In questo periodo è chiaro che i marketplace l’hanno fatta da padrone, coloro i quali avevano già un ecommerce avviato e in grado di vendere lo hanno fatto abbastanza bene. Ma come ne vengono fuori coloro i quali come filiera di vendita avevano solo dei distributori e coloro i quali basavano i propri incassi solo sul proprio negozio e attività fisica?

Secondo me è su di loro, anzi con loro, che bisogna concentrarsi per capire come affrontare la fase 2 partendo da un presupposto o da un assunto:

  • Gli italiani, anche quelli più restii a utilizzare la rete per risolvere i propri problemi quotidiani in questo periodo, gioco forza, hanno superato questo tabù e, pur se non continuando, una volta usciti di casa a comprare con lo stesso ritmo on line, cominceranno per forza di cose ad utilizzare la rete, magari provando qualche disagio a comprare sui portali dei grandi player e non trovando di fronte a sé, nell’acquisto, la sorridente espressione del proprio commerciante di fiducia.

Ma che si fa? Chi ha un’attività si deve piegare all’ineluttabile e deve abbandonare il campo ? Si deve buttare con tutte le sue forze nella nuova avventura on line?

Quindi, cosa si deve fare?

E’ un concetto che proverò a sviluppare anche in post e interventi successivi a questo ma secondo me:

  • Il negoziante deve oggi affacciarsi alla rete, deve aprire il suo canale e-commerce, ma lo deve fare con quella che è la sua proposta di valore, a mio avviso:
    • Il suo sorriso e la sua disponibilità: sempre rassicuranti verso i propri clienti
    • La sua stretta di mano: cioè quella capacità di ispirare sempre e comunque quella fiducia che stata la sua arma vincente nel corso degli anni passati.

Cosa vuol dire tutto ciò? Vuol dire che:

  1. Deve diventare punto di riferimento sulla rete “come negozio di vicinato”, dove per “vicinato” oggi intendo più quello della vicinanza morale nei confronti del cliente (il famoso sorriso) che quello della vicinanza fisica (vicinanza a casa).
  2. Non è detto che tutta la vendita debba concludersi on line: si potrebbe concludere al momento della consegna, presso il cliente, o al momento della consegna presso il punto vendita (la famosa stretta di mano – sicuramente virtuale al momento)

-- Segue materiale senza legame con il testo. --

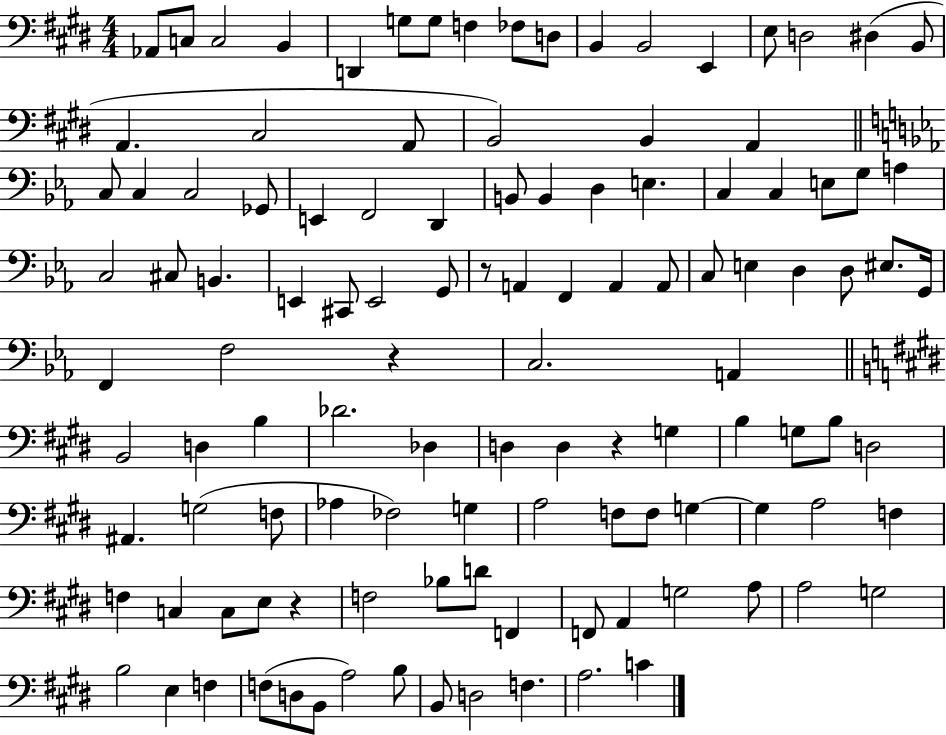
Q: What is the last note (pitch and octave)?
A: C4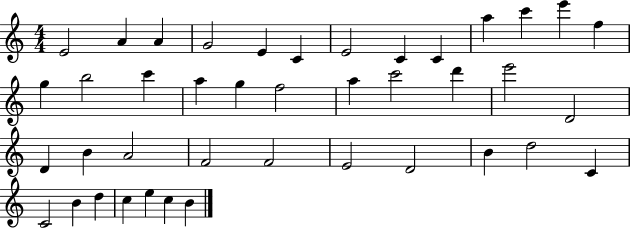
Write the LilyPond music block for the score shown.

{
  \clef treble
  \numericTimeSignature
  \time 4/4
  \key c \major
  e'2 a'4 a'4 | g'2 e'4 c'4 | e'2 c'4 c'4 | a''4 c'''4 e'''4 f''4 | \break g''4 b''2 c'''4 | a''4 g''4 f''2 | a''4 c'''2 d'''4 | e'''2 d'2 | \break d'4 b'4 a'2 | f'2 f'2 | e'2 d'2 | b'4 d''2 c'4 | \break c'2 b'4 d''4 | c''4 e''4 c''4 b'4 | \bar "|."
}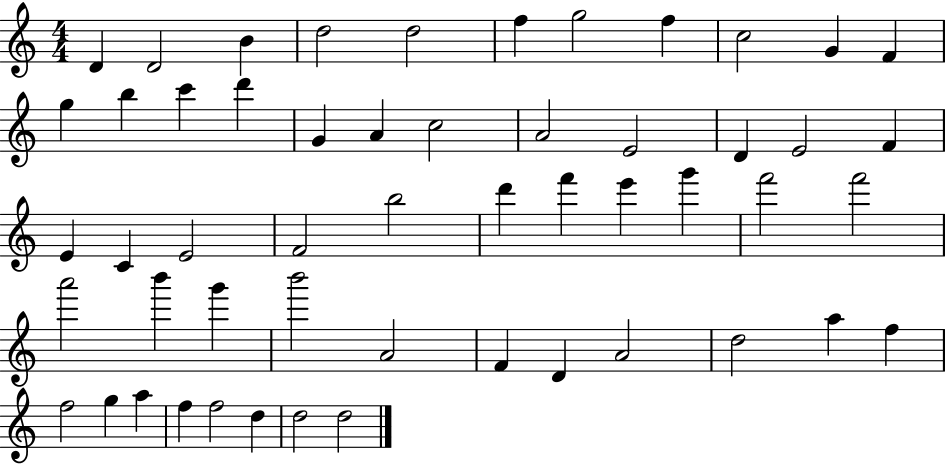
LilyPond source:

{
  \clef treble
  \numericTimeSignature
  \time 4/4
  \key c \major
  d'4 d'2 b'4 | d''2 d''2 | f''4 g''2 f''4 | c''2 g'4 f'4 | \break g''4 b''4 c'''4 d'''4 | g'4 a'4 c''2 | a'2 e'2 | d'4 e'2 f'4 | \break e'4 c'4 e'2 | f'2 b''2 | d'''4 f'''4 e'''4 g'''4 | f'''2 f'''2 | \break a'''2 b'''4 g'''4 | b'''2 a'2 | f'4 d'4 a'2 | d''2 a''4 f''4 | \break f''2 g''4 a''4 | f''4 f''2 d''4 | d''2 d''2 | \bar "|."
}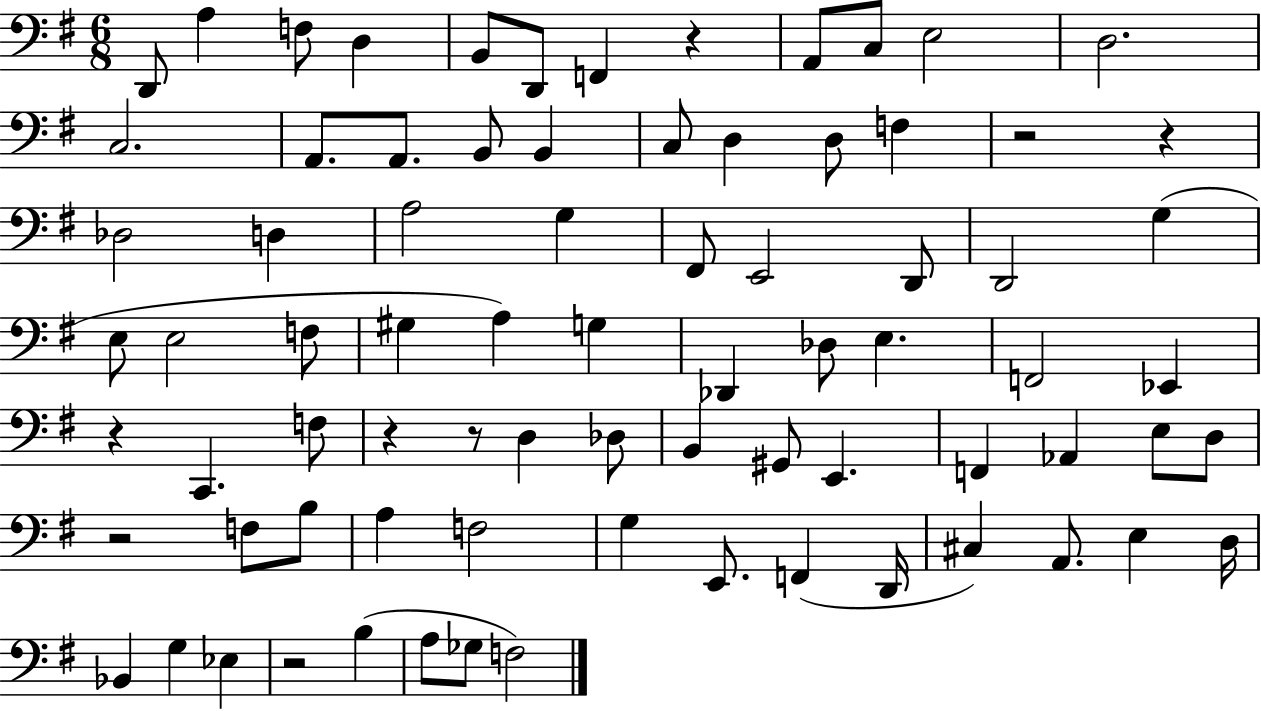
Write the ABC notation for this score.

X:1
T:Untitled
M:6/8
L:1/4
K:G
D,,/2 A, F,/2 D, B,,/2 D,,/2 F,, z A,,/2 C,/2 E,2 D,2 C,2 A,,/2 A,,/2 B,,/2 B,, C,/2 D, D,/2 F, z2 z _D,2 D, A,2 G, ^F,,/2 E,,2 D,,/2 D,,2 G, E,/2 E,2 F,/2 ^G, A, G, _D,, _D,/2 E, F,,2 _E,, z C,, F,/2 z z/2 D, _D,/2 B,, ^G,,/2 E,, F,, _A,, E,/2 D,/2 z2 F,/2 B,/2 A, F,2 G, E,,/2 F,, D,,/4 ^C, A,,/2 E, D,/4 _B,, G, _E, z2 B, A,/2 _G,/2 F,2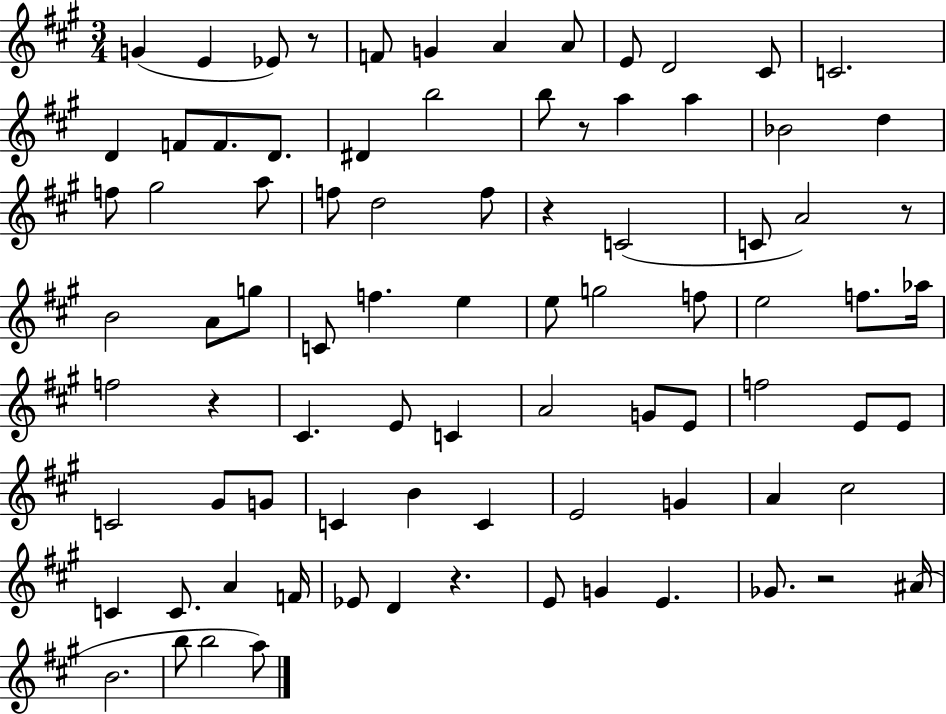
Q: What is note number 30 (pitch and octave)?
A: C4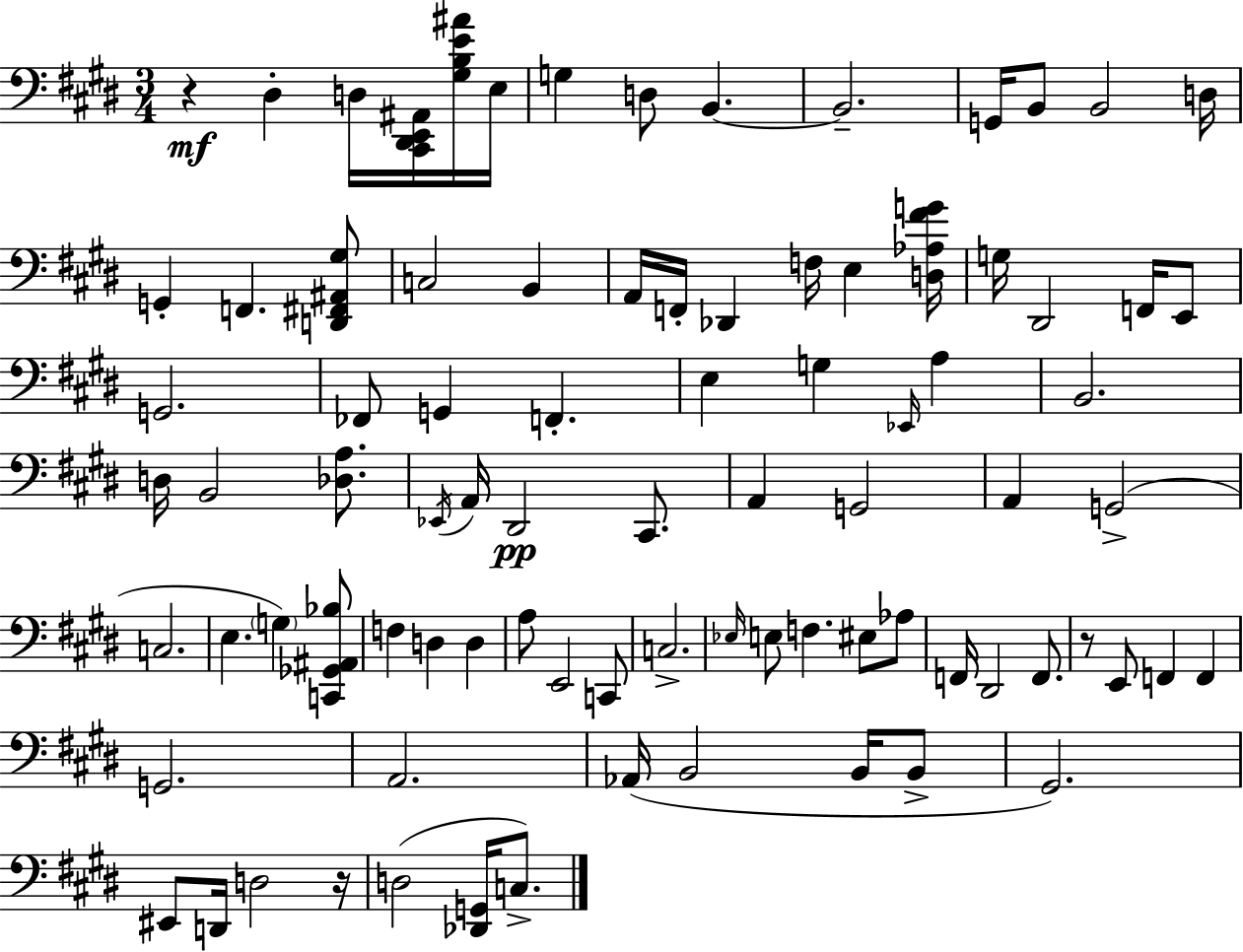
X:1
T:Untitled
M:3/4
L:1/4
K:E
z ^D, D,/4 [^C,,^D,,E,,^A,,]/4 [^G,B,E^A]/4 E,/4 G, D,/2 B,, B,,2 G,,/4 B,,/2 B,,2 D,/4 G,, F,, [D,,^F,,^A,,^G,]/2 C,2 B,, A,,/4 F,,/4 _D,, F,/4 E, [D,_A,^FG]/4 G,/4 ^D,,2 F,,/4 E,,/2 G,,2 _F,,/2 G,, F,, E, G, _E,,/4 A, B,,2 D,/4 B,,2 [_D,A,]/2 _E,,/4 A,,/4 ^D,,2 ^C,,/2 A,, G,,2 A,, G,,2 C,2 E, G, [C,,_G,,^A,,_B,]/2 F, D, D, A,/2 E,,2 C,,/2 C,2 _E,/4 E,/2 F, ^E,/2 _A,/2 F,,/4 ^D,,2 F,,/2 z/2 E,,/2 F,, F,, G,,2 A,,2 _A,,/4 B,,2 B,,/4 B,,/2 ^G,,2 ^E,,/2 D,,/4 D,2 z/4 D,2 [_D,,G,,]/4 C,/2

In pratica c’è da reinventarsi senza arrendersi, c’è da pensare al futuro, come un futuro certamente difficile (specialmente nell’immediato), ma che se affrontato con i giusti approcci può aprire anche nuove strade al business.

Un piccolo cenno, ma il tema è enorme… In questo periodo per certi versi è il saltato l’anello della catena distributiva per le aziende che producono: alcune si sono fermate (quelle che dovevano), altre hanno cominciato a vendere direttamente ai consumatori… Un tema scottante che certamente farà parlare di sé sia tra i produttori che tra i distributori.  Se vi va ne parleremo.